Segment Start: SUPPLIED DATA

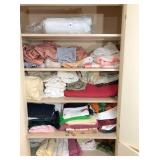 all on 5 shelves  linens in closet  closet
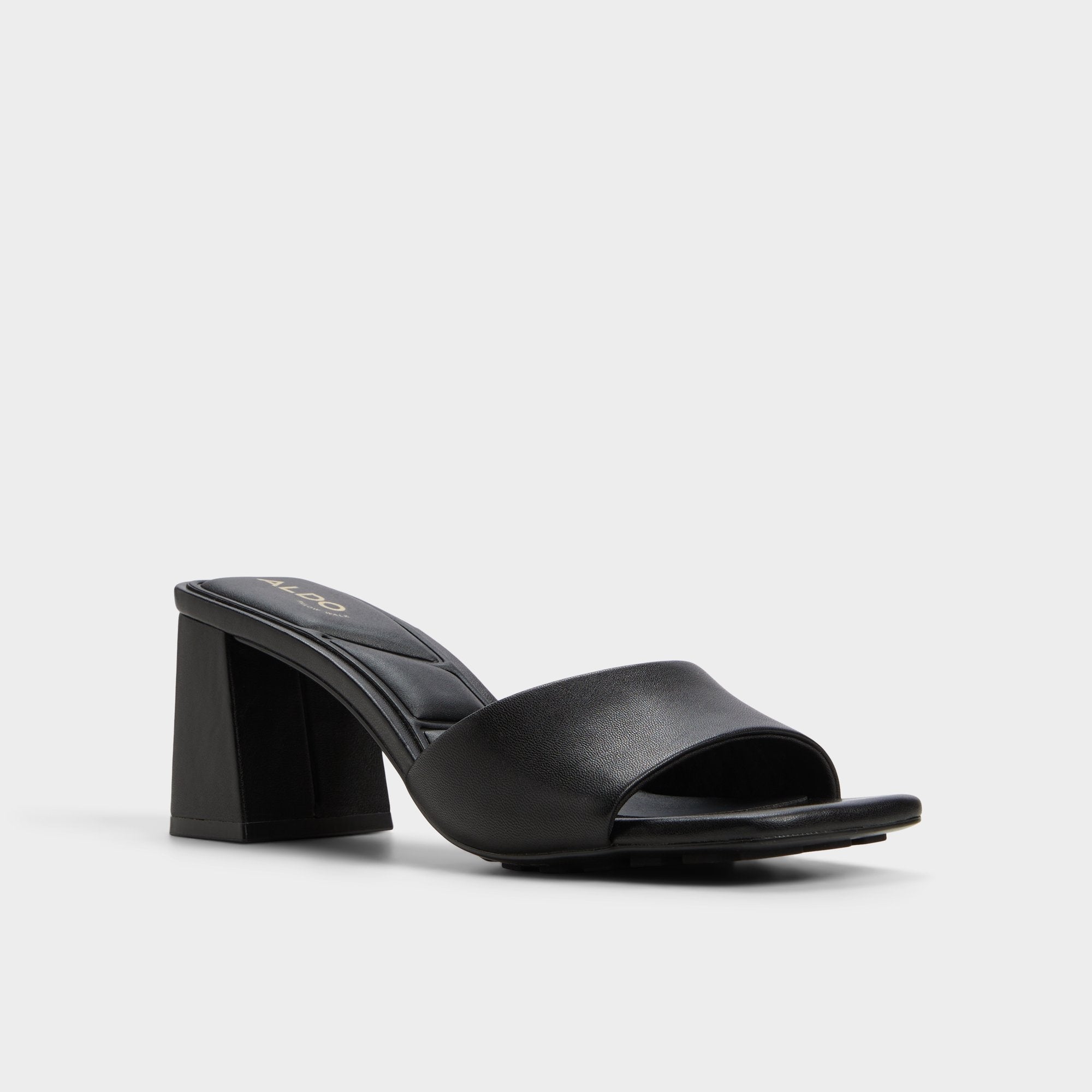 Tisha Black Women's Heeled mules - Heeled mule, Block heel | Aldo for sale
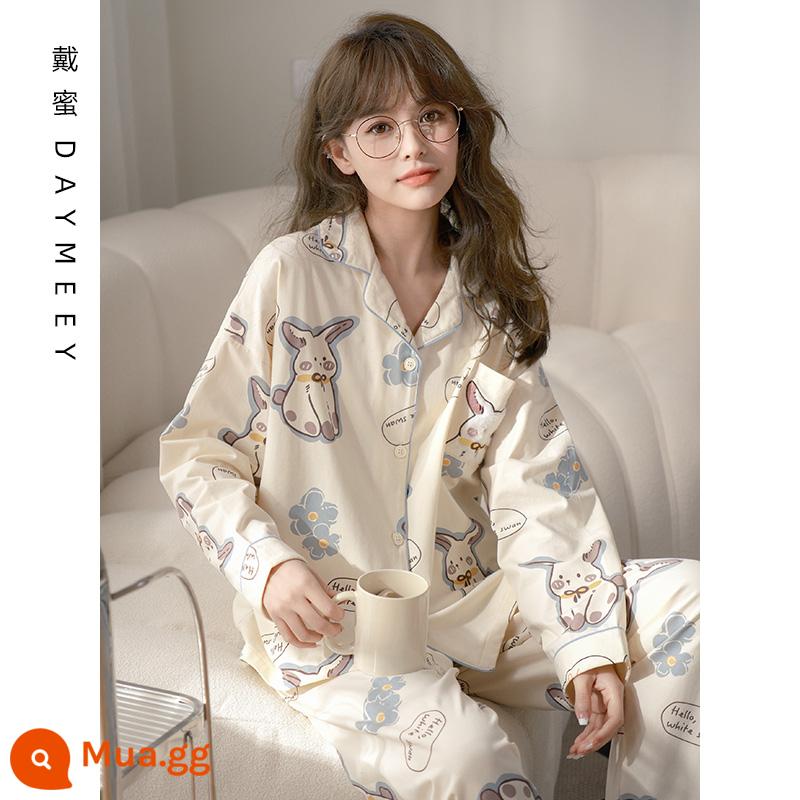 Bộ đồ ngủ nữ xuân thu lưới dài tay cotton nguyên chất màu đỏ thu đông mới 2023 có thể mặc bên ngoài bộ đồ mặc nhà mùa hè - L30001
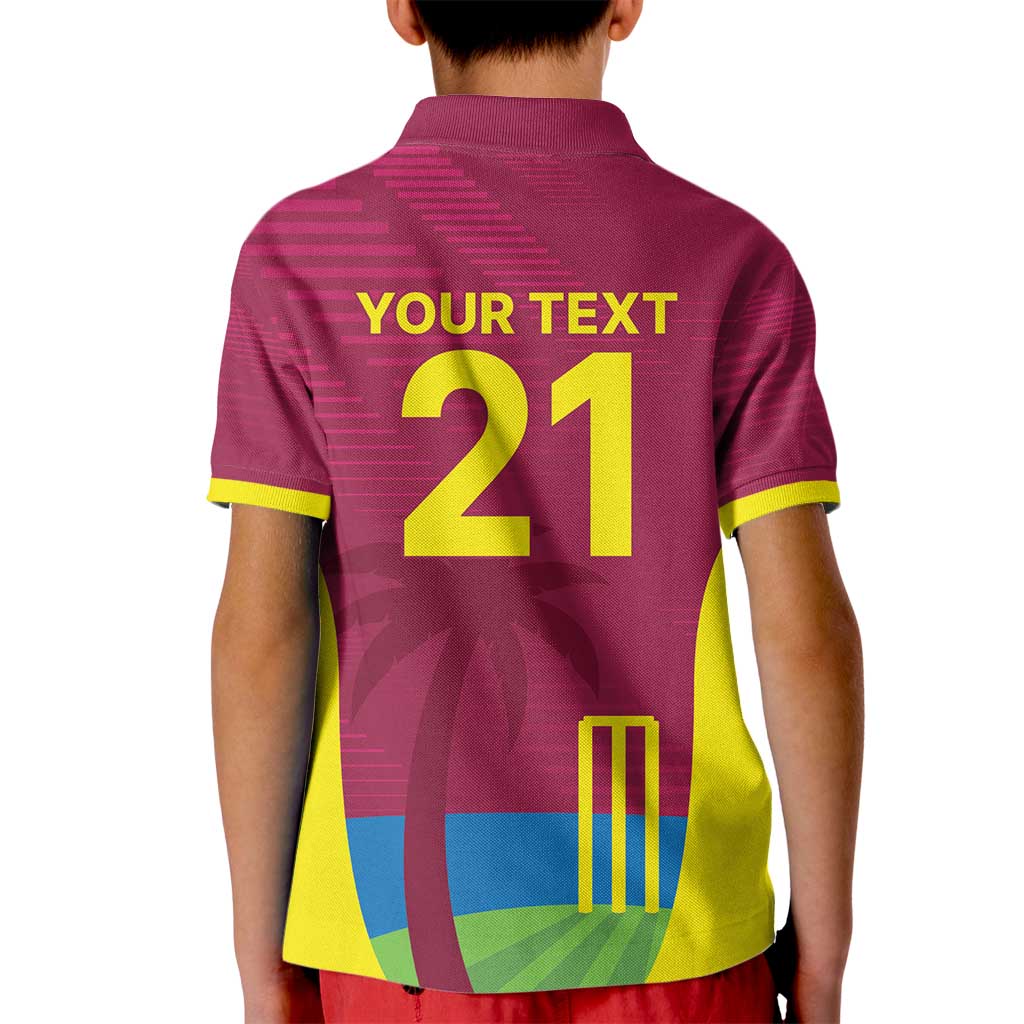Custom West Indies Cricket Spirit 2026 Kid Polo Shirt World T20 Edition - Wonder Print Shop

Segment End: SUPPLIED DATA
Segment Start: SUPPLIED DATA

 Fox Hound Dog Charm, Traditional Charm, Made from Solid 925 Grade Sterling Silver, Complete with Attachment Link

Segment End: SUPPLIED DATA
Segment Start: SUPPLIED DATA

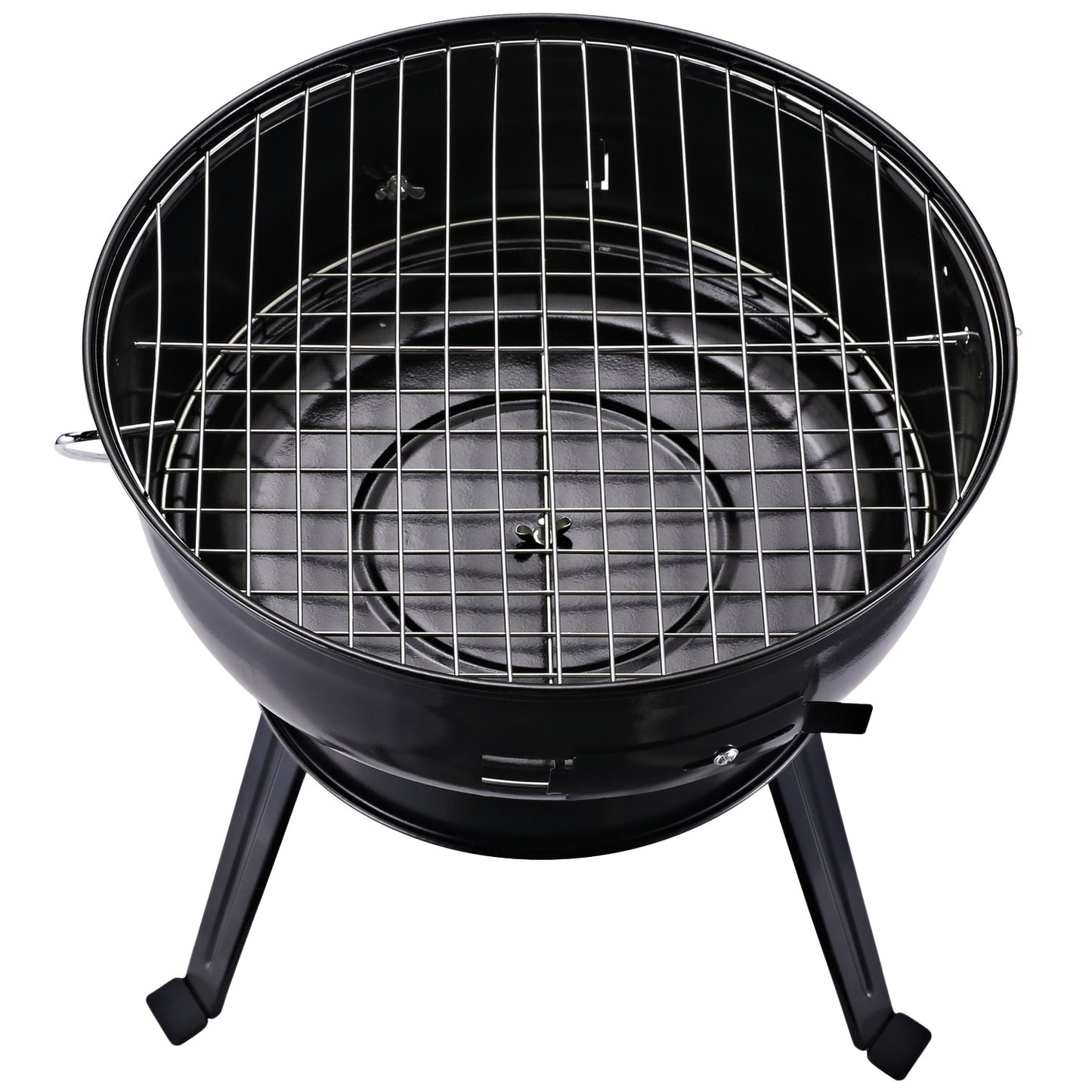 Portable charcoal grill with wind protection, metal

Segment End: SUPPLIED DATA

__WHAT IS REQUIRED__
Copy nothing but the lines above from the one with "all on 5 shelves" to the one with "Custom West Indies", inclusive, word for word. Leave every picture out.

__EXERCISE RESPONSE__
 all on 5 shelves  linens in closet  closet
 Tisha Black Women's Heeled mules - Heeled mule, Block heel | Aldo for sale
 Bộ đồ ngủ nữ xuân thu lưới dài tay cotton nguyên chất màu đỏ thu đông mới 2023 có thể mặc bên ngoài bộ đồ mặc nhà mùa hè - L30001
Custom West Indies Cricket Spirit 2026 Kid Polo Shirt World T20 Edition - Wonder Print Shop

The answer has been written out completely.